Le baromètre Verian indique que 51 % des Français déclarent éprouver fréquemment de la fatigue ou un rejet vis-à-vis de l’actualité, dont 19 % très souvent et 32 % assez souvent. Lorsque l’on leur demande pourquoi ils ressentent cette fatigue ou ce rejet, 44 % évoquent la redondance des sujets, soit une diminution de 4 points par rapport à 2023. Par ailleurs, 41 % mentionnent une sensation d’angoisse et d’impuissance face aux informations, un chiffre en hausse de 3 points par rapport à novembre 2023.

L’intelligence artificielle
L’intelligence artificielle occupe naturellement une place centrale dans les enquêtes cette année. A la question « Seriez-vous favorable à l’utilisation de l’intelligence artificielle par les médias pour automatiser la production de certains types de contenus (images, articles courts, reportages simples, agendas, bulletins météo, etc.) ? », 43 % des Français interrogées s’y sont opposées, dont 19 % plutôt opposées et 24 % tout à fait opposées. En revanche, 36 % se sont montrés favorables, dont 25 % plutôt favorables et 11 % tout à fait favorables.

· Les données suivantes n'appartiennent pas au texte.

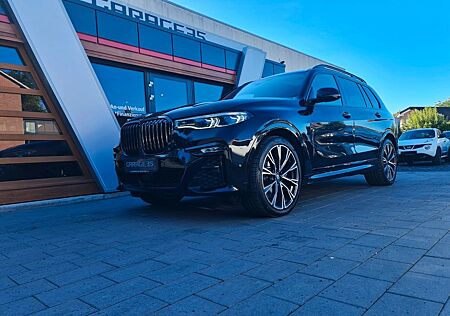 BMW X7 M50d /B&W/LASER/FONT ENT/SKY LOUNGE/22"/VOLL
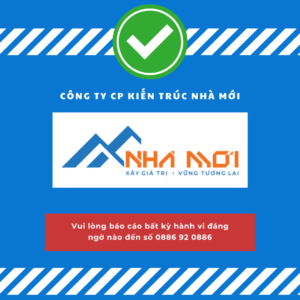Cảnh báo giả mạo Thương hiệu Nhà Mới
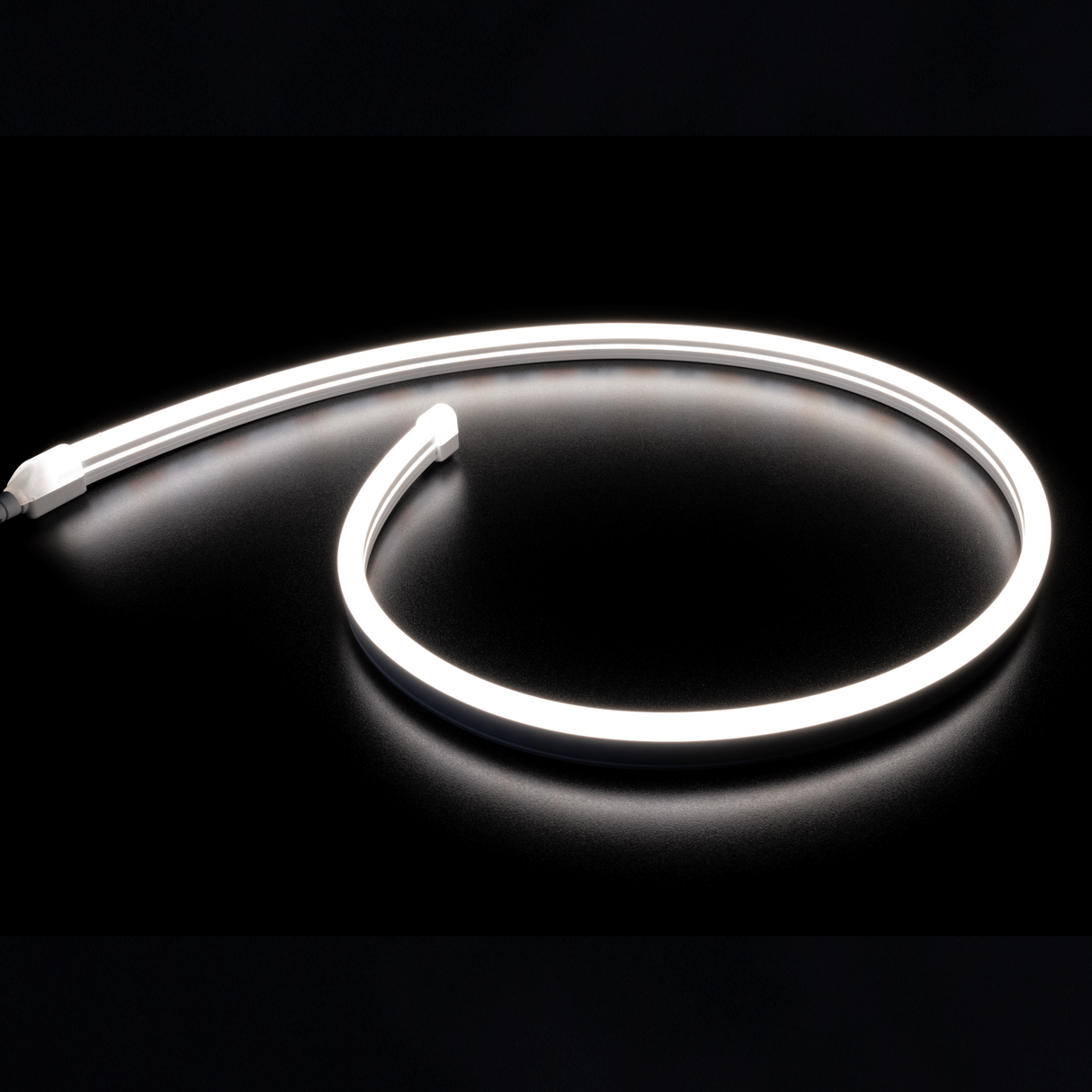 Diode NEON BLAZE Wet Location / IP65 / 5 Year Warranty / 80+ CRI Diffused LED Lighting (1.2W/ft) 65.6ft Spool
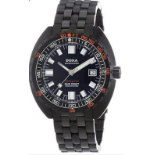 Brans New - Doxa Sub 5000T Military Edition Sharkhunter PVD Men's Automatic - RRP £2990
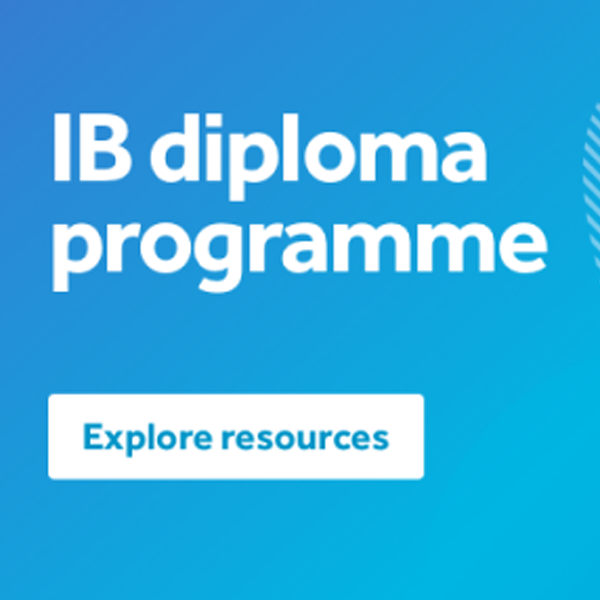 IB Diploma Programme logo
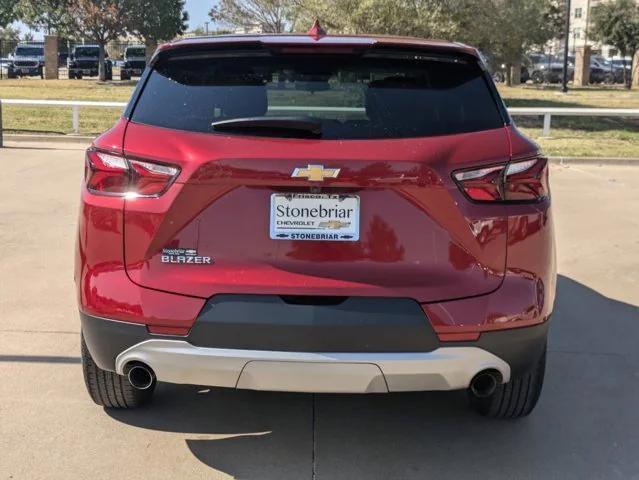 used 2020 Chevrolet Blazer car, priced at $22,950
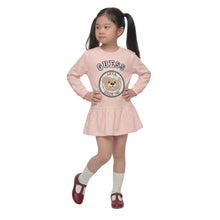 Load image into Gallery viewer, Blush Teddy Sweat Dress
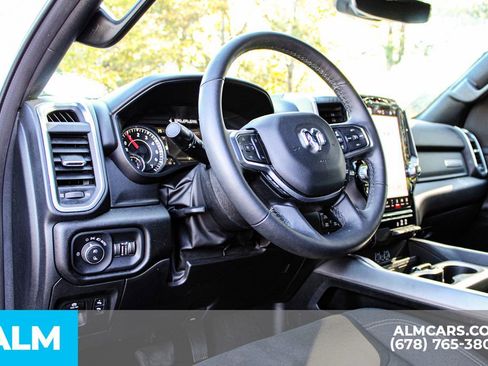 Used 2025 RAM 1500 Big Horn image 22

Un clivage générationnel apparaît dans ces résultats : 58 % des 18-24 ans sont favorables, tandis que seulement 29 % des 50-64 ans et 21 % des plus de 65 ans partagent ce point de vue. À l’inverse, 48 % et 50 % de ces dernières tranches d’âge se déclarent opposées.

Concernant l’impact de l’IA sur la qualité des informations fournies par les médias, à la question “Et pensez-vous que le recours à l’intelligence artificielle par les médias améliorera ou dégradera la qualité des informations fournies ?”, 47% considèrent que le recours à l’intelligence artificielle par les médias dégradera la qualité de l’information et 29% qu’elle améliorera la qualité de l’information. Cette tendance se reflète également dans les différences générationnelles : 41 % des 18-24 ans jugent que l’IA pourrait améliorer la qualité de l’information, contre seulement 19 % des plus de 65 ans.

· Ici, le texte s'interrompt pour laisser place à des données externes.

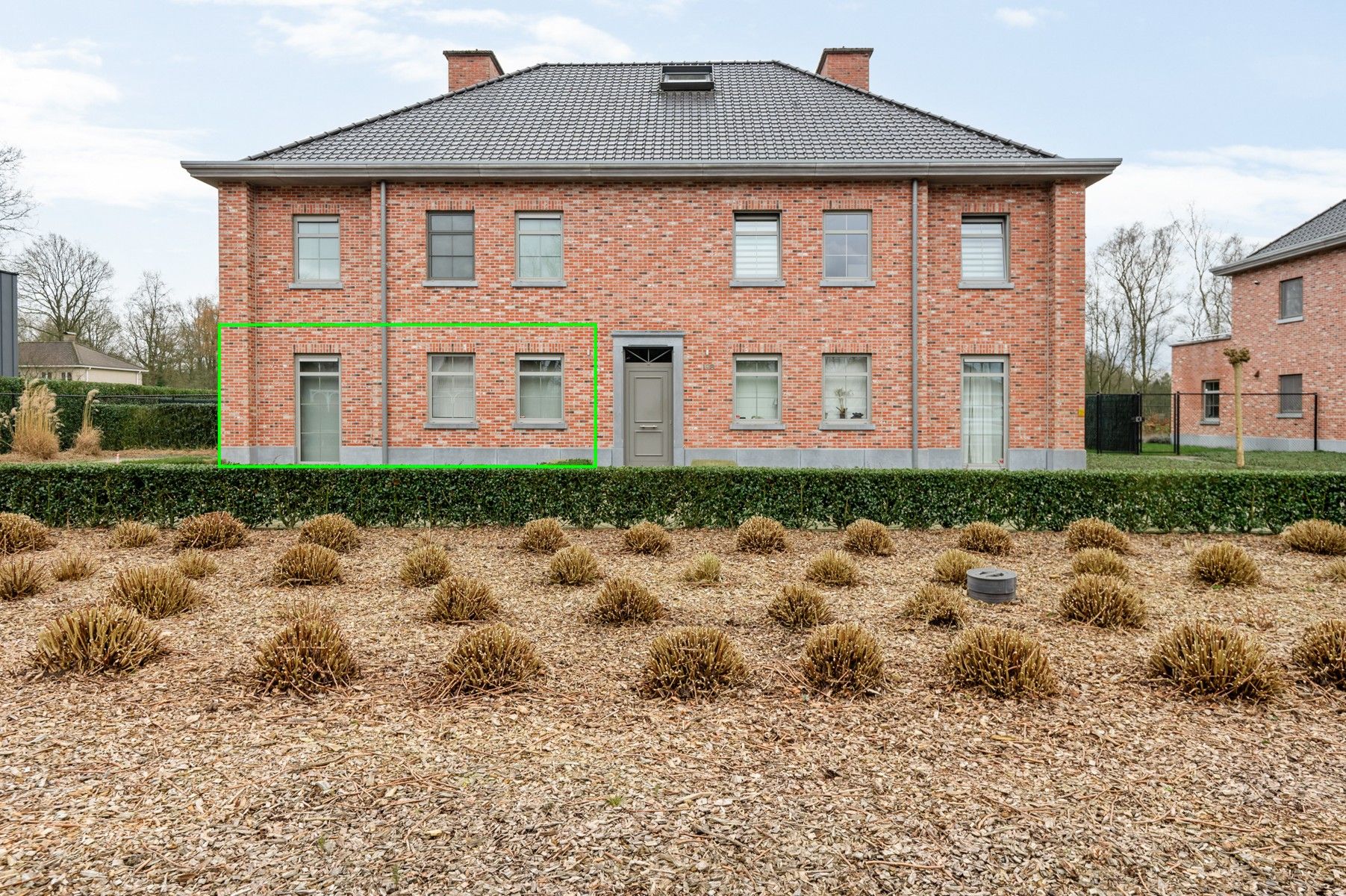 Instapklaar en energiezuinig appartement in 'Kasteelhof' foto 20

Un indice pour les médias dans la course à l’attention
Avec la montée en puissance des influenceurs et des médias incarnés, l’affirmation d’une ligne éditoriale et la personnification des contenus apparaissent comme des leviers essentiels pour les médias traditionnels souhaitant capter l’attention des plus jeunes. À la question : « De plus en plus, certains médias ou journalistes choisissent d’affirmer et de défendre leurs opinions lorsqu’ils traitent de l’actualité. Selon vous, est-ce une bonne ou une mauvaise chose ? », 48 % des sondés jugent cela positif, dont 36 % estiment que c’est assez une bonne chose et 12 % une très bonne chose. À l’inverse, 41 % y voient une évolution négative, dont 25 % jugent cela assez mauvais et 16 % très mauvais. Une tendance qui confirme que l’incarnation et la prise de position séduisent avant tout les jeunes publics. Un signal clair pour les médias traditionnels, qui doivent trouver le bon équilibre entre affirmation de leur identité et adaptation à cette évolution s’ils veulent renouer avec les nouvelles générations.